EXCERPTED RECORDS:
○ ○ ○ ○ ○
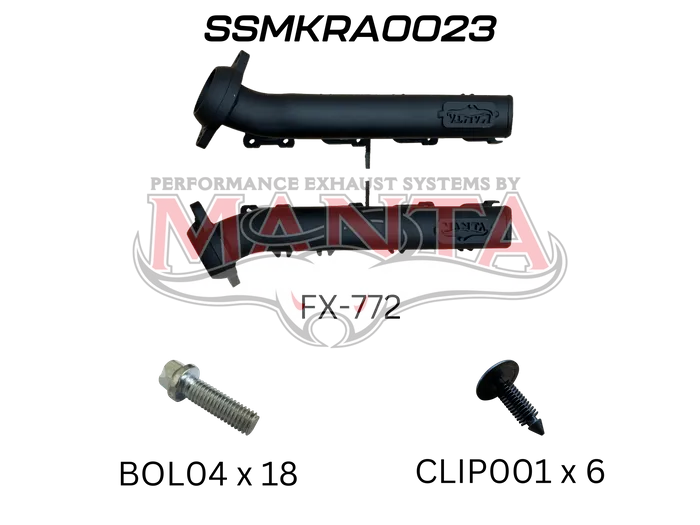 DT Ram 1500 5.7L V8 Manta Aftermarket Replacement Manifold Set (SSMKRA0023)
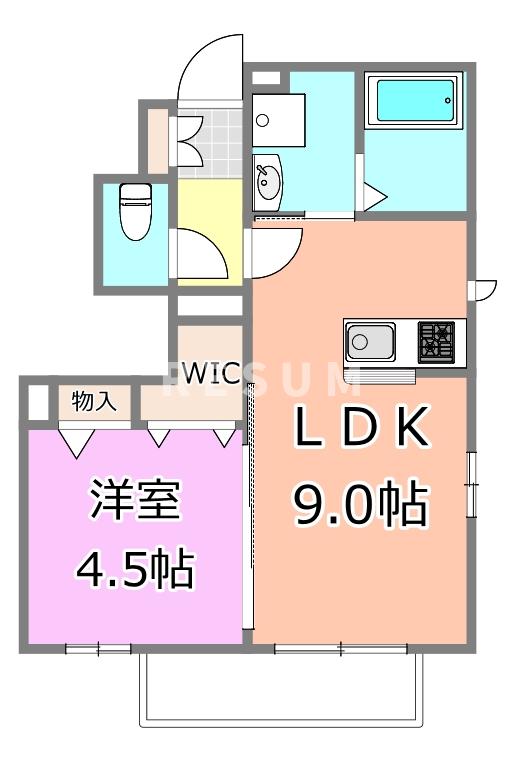 ＪＲ総武線 千葉駅 徒歩15分 2階建 築15年の間取り写真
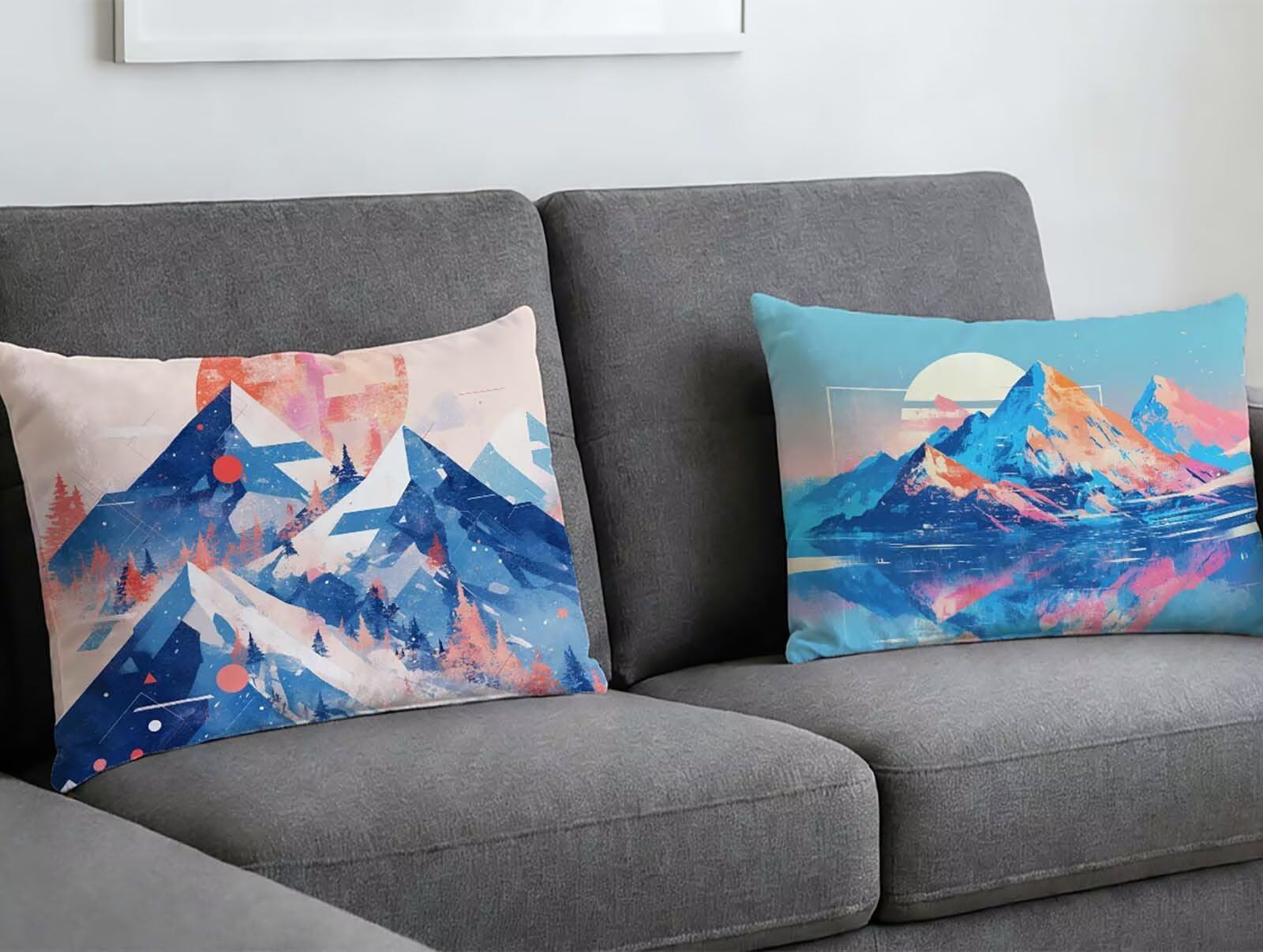 Housse de coussin 40x80 cm en velours pour décoration de salon et chambre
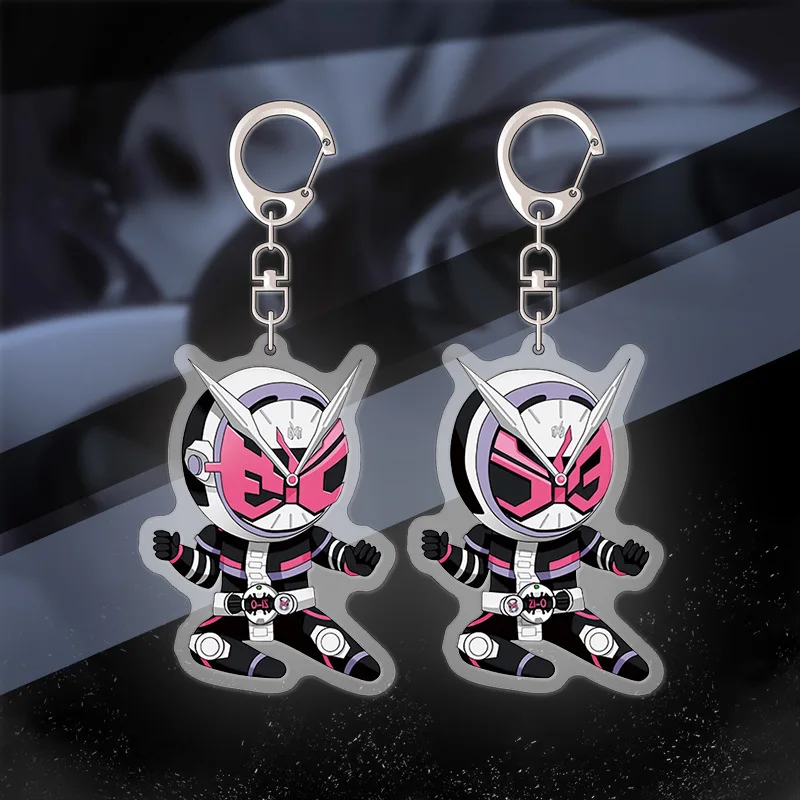 

False Face Knight Decadeziobuildex Bag Pendant Acrylic Key Chain Animation Perimeter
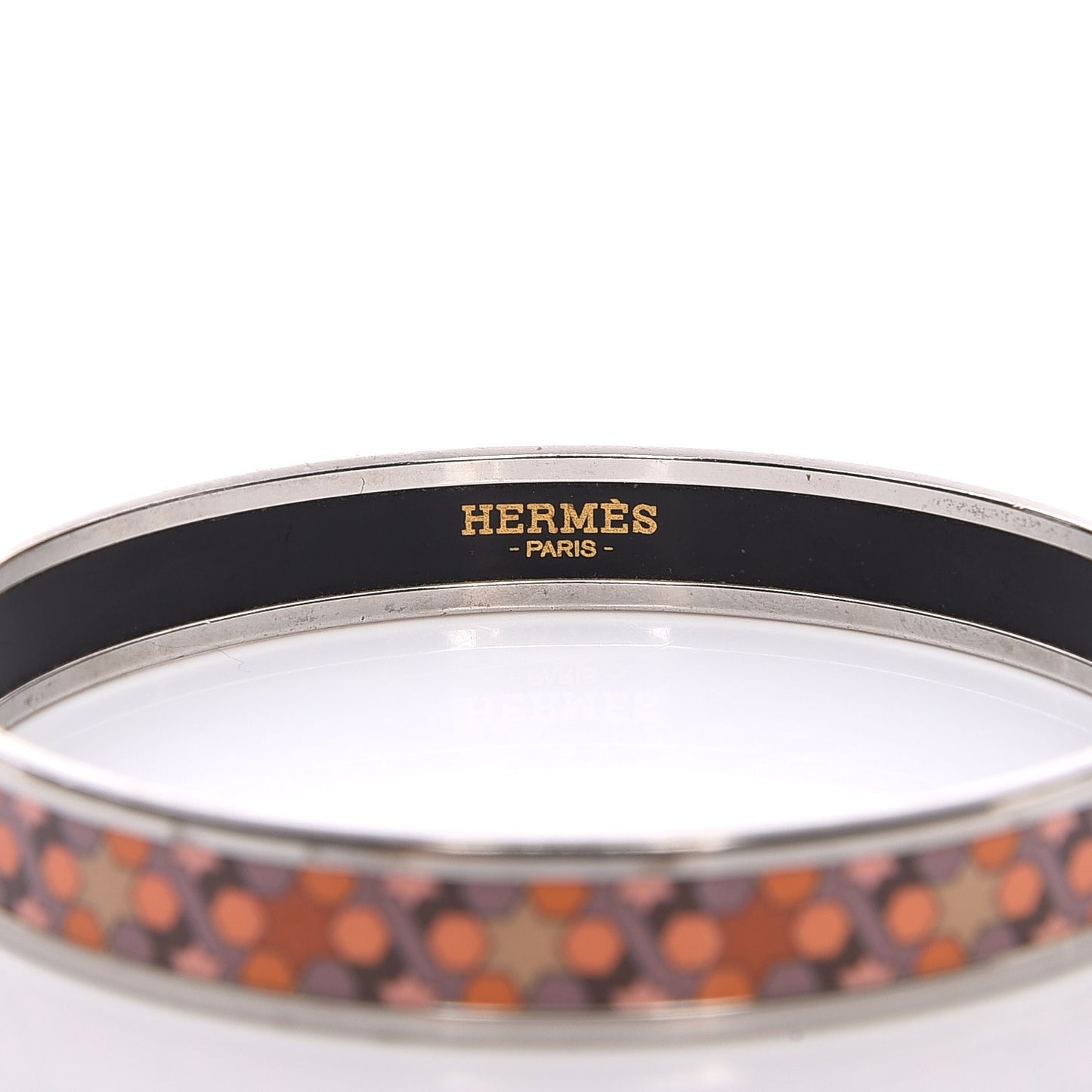 Enamel Printed Narrow Rose de Compas Bracelet 70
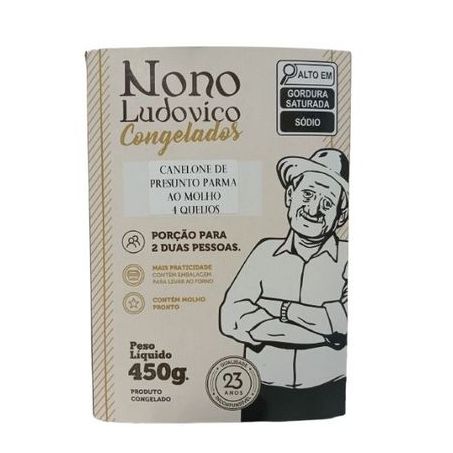Canelone Nono Ludovico Parma Molho 4 Queijos 450g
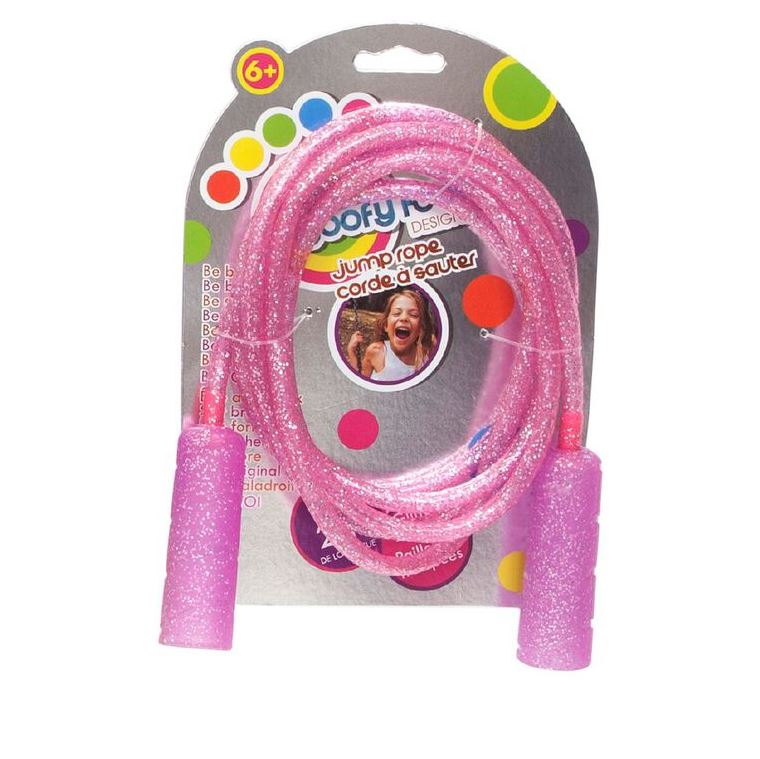 Goofy Foot Assorted Glitter Jump Ropes - Great Deal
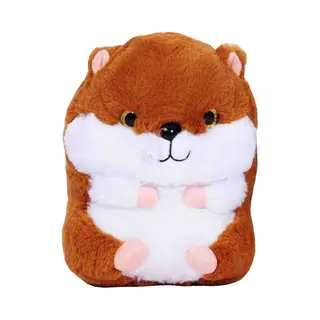 Sandy Pluche Speelgoed Knuffeldier Bruine Hamster Van 19 Cm - Dieren Knuffels - Cadeau Voor Kinderen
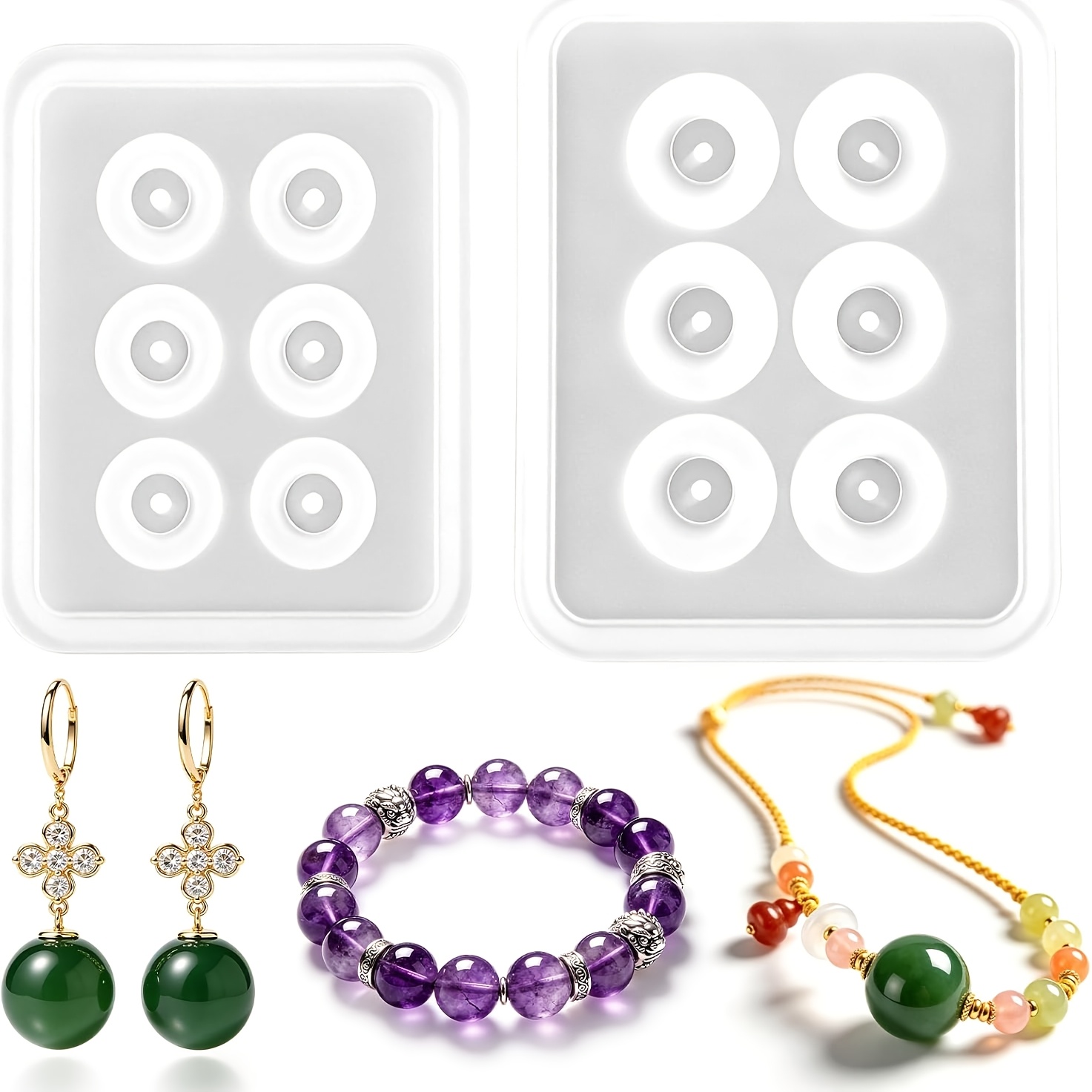 Two Perforated Spherical Silic - Resin Jewelry Kit recensione e prezzo
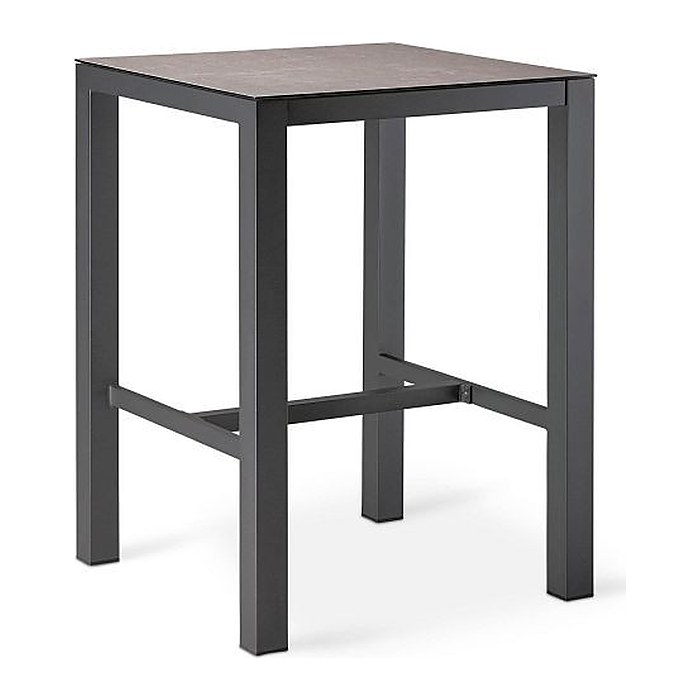 barths Gartentisch Paros anthrazit quadratisch 80,0 x 80,0 x 109,5 cm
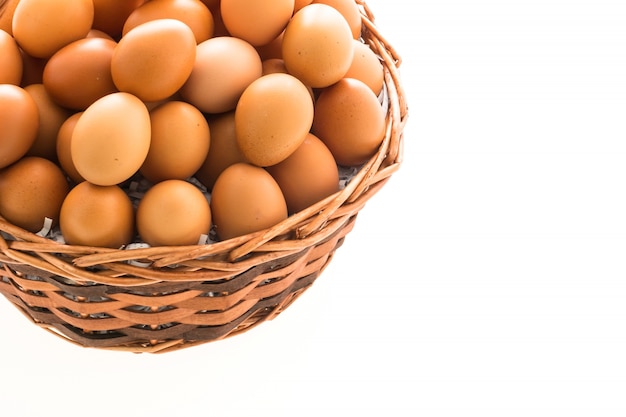Free photo eggs basket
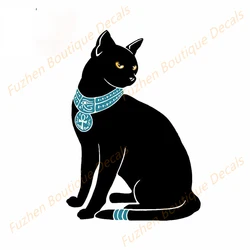 Fuzhen – décalcomanies de Boutique, accessoires extérieurs, chat égyptien, Animal de voiture, autocollants de salle, anti rayures, décoration de coffre de fenêtre 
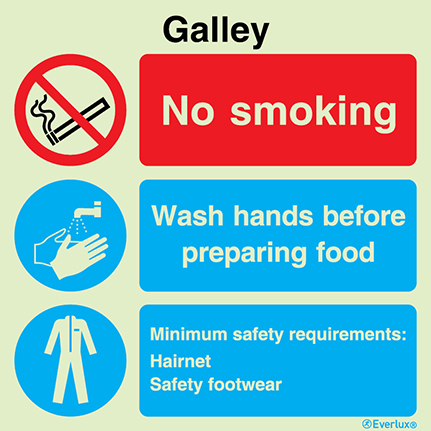 Galley - prohibition and mandatory sign | IMPA 33.3124 - S 41 03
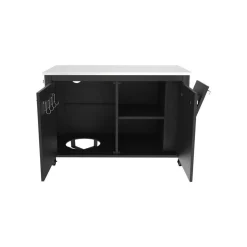 Aussentisch m/2 Tueren,Muelleimer und 4 Raedern. Top in ^ COZZE Discount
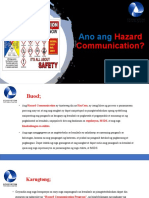 ano ang hazard communication (april 29)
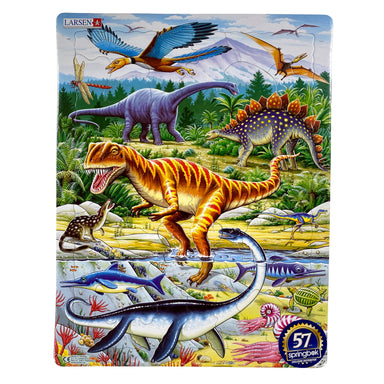 Jurassic Dinosaurs 35 Piece Larsen Frame Puzzle    
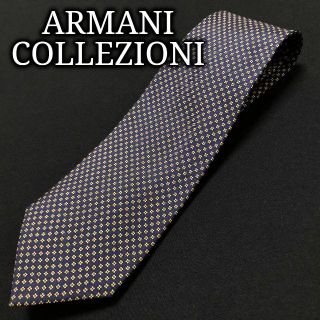 アルマーニ コレツィオーニ(ARMANI COLLEZIONI)のアルマーニ ドット ネイビー ネクタイ A102-C27(ネクタイ)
○ ○ ○ ○ ○
TASK DIRECTIONS:
Each of the lines above should be transcribed exactly; no image is to be copied.

ANSWER BELOW:
 DT Ram 1500 5.7L V8 Manta Aftermarket Replacement Manifold Set (SSMKRA0023)
 ＪＲ総武線 千葉駅 徒歩15分 2階建 築15年の間取り写真
 Housse de coussin 40x80 cm en velours pour décoration de salon et chambre

False Face Knight Decadeziobuildex Bag Pendant Acrylic Key Chain Animation Perimeter
 Enamel Printed Narrow Rose de Compas Bracelet 70
Canelone Nono Ludovico Parma Molho 4 Queijos 450g
 Goofy Foot Assorted Glitter Jump Ropes - Great Deal
 Sandy Pluche Speelgoed Knuffeldier Bruine Hamster Van 19 Cm - Dieren Knuffels - Cadeau Voor Kinderen
 Two Perforated Spherical Silic - Resin Jewelry Kit recensione e prezzo
 barths Gartentisch Paros anthrazit quadratisch 80,0 x 80,0 x 109,5 cm
Free photo eggs basket
 Fuzhen – décalcomanies de Boutique, accessoires extérieurs, chat égyptien, Animal de voiture, autocollants de salle, anti rayures, décoration de coffre de fenêtre 
 Galley - prohibition and mandatory sign | IMPA 33.3124 - S 41 03
 Aussentisch m/2 Tueren,Muelleimer und 4 Raedern. Top in ^ COZZE Discount
 ano ang hazard communication (april 29)
 Jurassic Dinosaurs 35 Piece Larsen Frame Puzzle    
 アルマーニ コレツィオーニ(ARMANI COLLEZIONI)のアルマーニ ドット ネイビー ネクタイ A102-C27(ネクタイ)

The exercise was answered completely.